Segment Start: Data for this exercise
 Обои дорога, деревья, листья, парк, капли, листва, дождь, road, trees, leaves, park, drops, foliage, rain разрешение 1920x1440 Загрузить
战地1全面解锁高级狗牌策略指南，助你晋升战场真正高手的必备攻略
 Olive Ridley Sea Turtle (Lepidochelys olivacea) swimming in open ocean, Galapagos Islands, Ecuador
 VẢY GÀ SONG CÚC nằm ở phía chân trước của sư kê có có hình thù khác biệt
Segment End: Data for this exercise
Segment Start: Data for this exercise
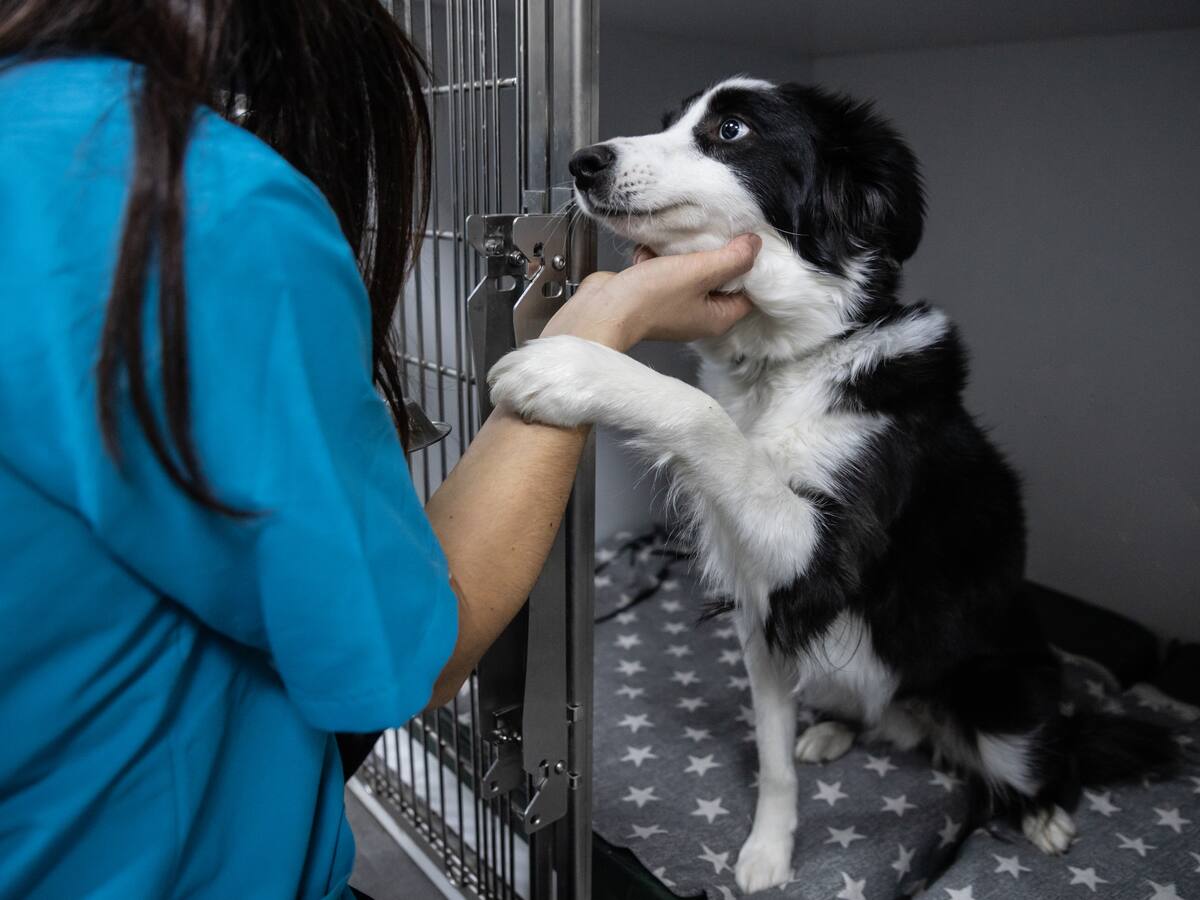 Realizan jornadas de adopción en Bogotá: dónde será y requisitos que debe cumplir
Segment End: Data for this exercise
Segment Start: Data for this exercise
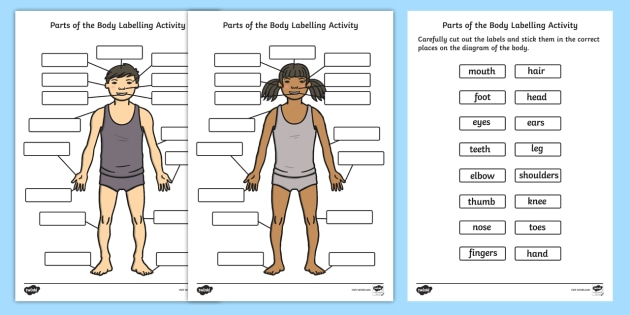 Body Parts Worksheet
Segment End: Data for this exercise
Write down again, exactly as given, only the lines above that fall from the line with "战地1全面解锁高级狗牌策略指南，助你晋升战场真正高手的必备攻略" to the line with "VẢY GÀ SONG", inclusive.

The answer
战地1全面解锁高级狗牌策略指南，助你晋升战场真正高手的必备攻略
 Olive Ridley Sea Turtle (Lepidochelys olivacea) swimming in open ocean, Galapagos Islands, Ecuador
 VẢY GÀ SONG CÚC nằm ở phía chân trước của sư kê có có hình thù khác biệt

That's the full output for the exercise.